In a tragic weekend rail accident, tanker cars carrying crude oil broke loose and raced into the small town of Lac-Mégantic, near the border Quebec shares with Maine, where they derailed and several exploded, killing 50 people at an updated count from after this blog was first posted.

Our hearts go out to the victims of this disaster and their families. This is a time for grieving – for the people of Lac-Mégantic, for all Canadians, and for all Americans.

Americans and Canadians are neighbors. We are allies. We are friends. And when tragedy visits Canada, it touches our country as well.

Unfortunately, even as investigators work to learn what caused this terrible accident, proponents of the proposed Keystone XL tar sands pipeline are using this tragedy to press for their project. That is regrettable.

If anything, this accident signals the need for a strategy to reduce the risks and hazards of transporting fossil fuels, and an honest debate about a future that doesn’t expand our use of oil.

If allowed by the Obama administration, the proposed Keystone XL pipeline would bring tar sands crude from Canada to refineries along the U.S. Gulf Coast and, from there, to overseas markets.

It would drive expansion of tar sands production and use.

It would increase the North American carbon footprint, worsening climate chaos, while transporting huge volumes of tar sands crude through our communities, across our waterways and over our heartland ranches and farms.

There is a better way to secure our energy future.
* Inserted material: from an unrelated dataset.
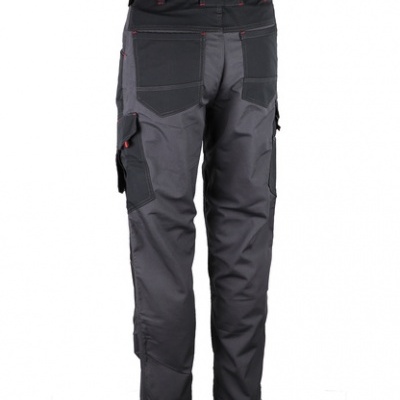 Calças de trabalho cinza escuro com reforços pretos e costuras vermelhas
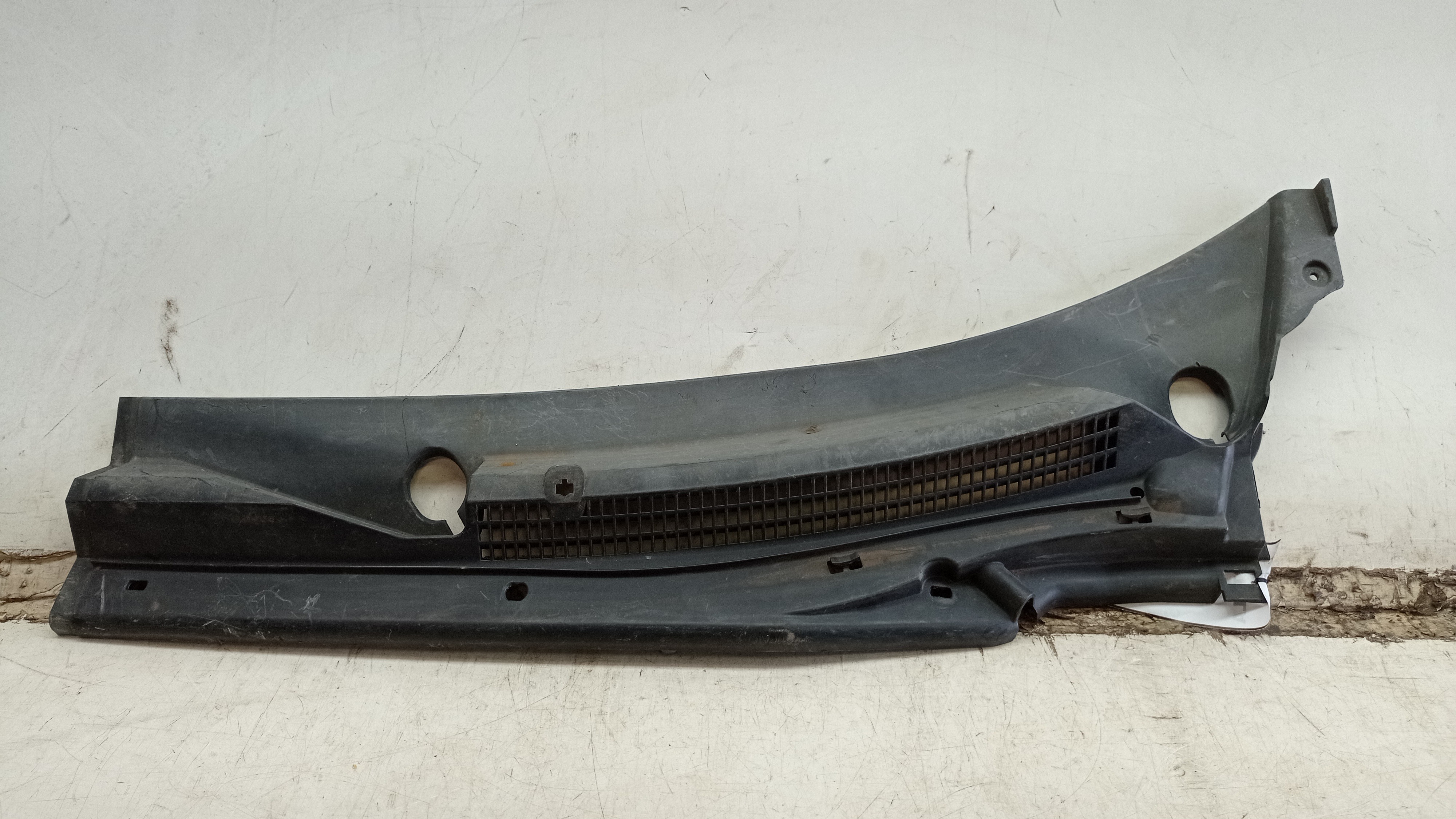 66811et000  Grade Churrasqueira Nissan Sentra 2008 A 2013 1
A better way for Canadians, a better way for Americans, a better way for both of us to work together.

The question before the administration is not whether tar sands crude should be shipped by pipeline or by rail.

The question is whether we will deepen our reliance on the dirty fuels of the past, those that contribute to climate change and put our people and property at risk, or whether we will invest in the clean energy solutions of the future.

There is no risk-free way to transport hazardous crude.

Every means of transport – rail, pipeline, tanker or truck – puts us at risk, as the horrible accident at Lac-Mégantic and the heartbreaking loss it has left in its wake so tragically underscores. 

As we struggle, on both sides of the border, to comprehend this disaster, perhaps we can honor the memory of those we have lost by working together to find a way to reduce the risk, hazard and damage that comes from our reliance on fossil fuels, and create a cleaner, safer more sustainable future for our children.